Similarly, Apple refuses to share the wealth with other companies. Its refusal to support Flash, or to provide ports on the iPad to let third parties add their own creativity and imagination to the product will stifle its uses. Many users will find the iPad limiting. Apple tries to control how its device is used, rather than leaving that up to the user. That is a major mistake.

So who will emerge the winner? Probably not other players like Blackberry or HP with its WebOS. They are late arriving to the market, unwilling to make serious price concessions, and unable to develop the large App selection needed to build critical mass. They may be very nice products, but that is not enough. Anyone remember the Amiga PC of the 1980's? It was an amazing computer for its time, with many very cool features far ahead of anything else available at the time. But its high price and the inability to build sufficient market share to encourage software developers to build a large stable of programs sealed its fate.

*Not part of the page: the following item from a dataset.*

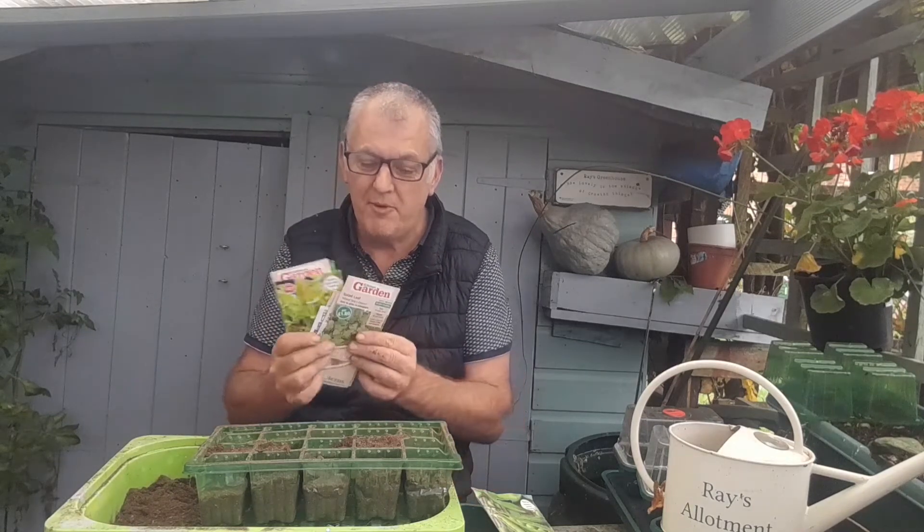Hi, I'm Ray and I'm in the garden today. We're in November and gosh it's been really warm — it hasn't been cold the whole time. We're on the south coast here and we haven't had any frost right up until November. But sowing some seeds in November is going to give us a head start.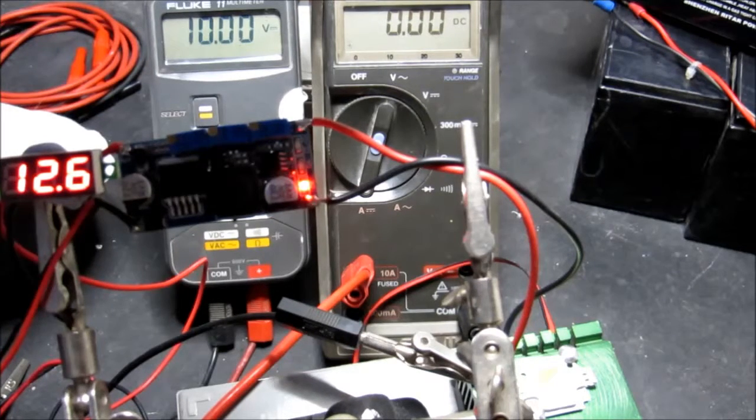In the setup here I have a little meter monitoring the input voltage, which I've set to 12.6 volts. What I intend to use as a power supply is a lithium polymer three-cell battery, so its maximum is going to be 12.6 volts.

Instead, the far less evolved but cheaper and more widely available MS-DOS took over the PC world.

So who will be in the position to be the next Microsoft? Certainly not Microsoft, which has not developed a truly ground breaking program since it introduced MS-Office a couple of decades ago. To me, the winnner appears to be Google. The Android OS, with the Honeycomb version being developed for tablets, looks to be the favorite. Just like MS-DOS in the PC world of the 1980's, Android is a widely available and cheap OS for developers of phones and tablets. It is a high quality OS with enough flexibility to let third parties develop and create new and innovative ways to use it. It is available to a wide number of hardware developers, meaning it will much more easily push its way into a large market share, thus encouraging more App developers, which only continues the cycle up to market domination. The fact that App developers are not shaken down for as much money as possible will also earn Android good will and devoted supporters in the developer community.

This leads me to the title of this piece. Do not by any tablet now. If you wanted to be an early adopter of the iPad, you should have bought six months ago. At this point, you should wait for the iPad 2 to be released in April. Even if the iPad original is all you need, the prices on that will drop considerably as soon as the iPad 2 hits the market.

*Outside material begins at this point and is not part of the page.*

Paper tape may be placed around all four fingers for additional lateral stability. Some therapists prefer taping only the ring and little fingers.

If you are considering any other tablet, there is not much out there. Google's Honeycomb, Blackberry's Playbook and HP's WebOS are all still months away from release. When they are first released, you will likely see more bugs in first releases than we saw with the iPad. Apple is one of the best in beta testing and getting rid of glitches before going to market, despite its other faults. I would say Christmas 2011 is probably the earliest to consider such a purchase.

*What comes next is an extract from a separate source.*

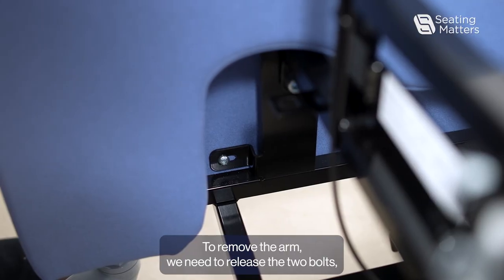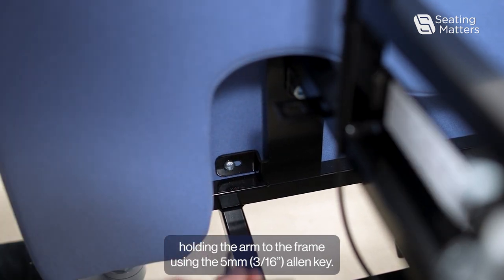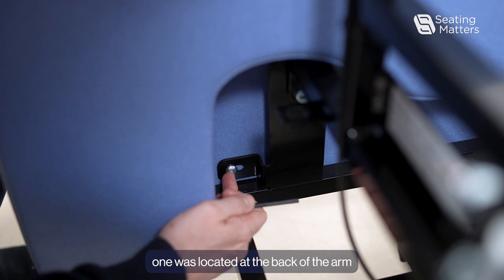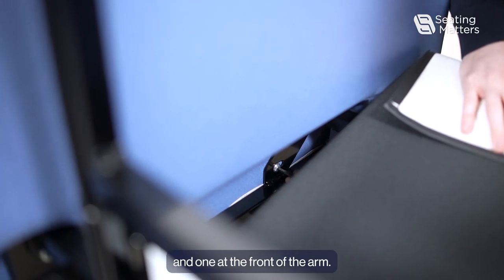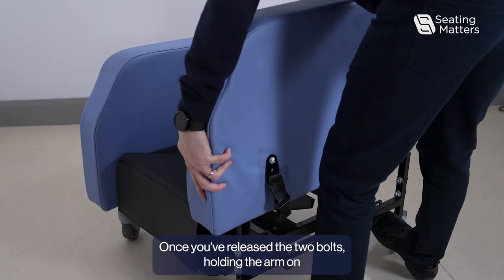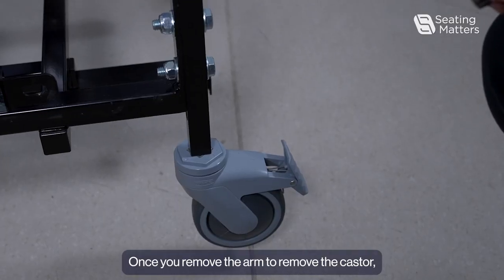To remove the arm, we need to release the two bolts holding the arm to the frame using the 5mm Allen key. One is located at the back of the arm and one at the front. Once you've released the two bolts, the arm will just lift off the frame.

If you are concerned about getting value, you will probably have to wait until well into 2012 or even 2013 before the "bleeding edge" pricing goes away and competition forces tablets down into the sub $300 or even $200 level.

If you want something right now that is cheap, reliable and that is small and easy to carry around, buy a netbook. You can get a pretty good one for around $250. It will have a screen as big as the iPad, an OS as good as any PC, and it will even have a keyboard to make writing much easier.

Ten years from now, we will look at an $800 tablet the way we look at the $5000 PCs or $1000 CD players that were sold in the 1980's. A device made in 2021 will be much cheaper (probably under $150 in today's dollars) and will do much more. Sure, most of us won't wait until then since life is short and we want to enjoy the latest technologies now. But the next two years will see the largest decreases in price and the highest growth in improvements. Patience is well worth it.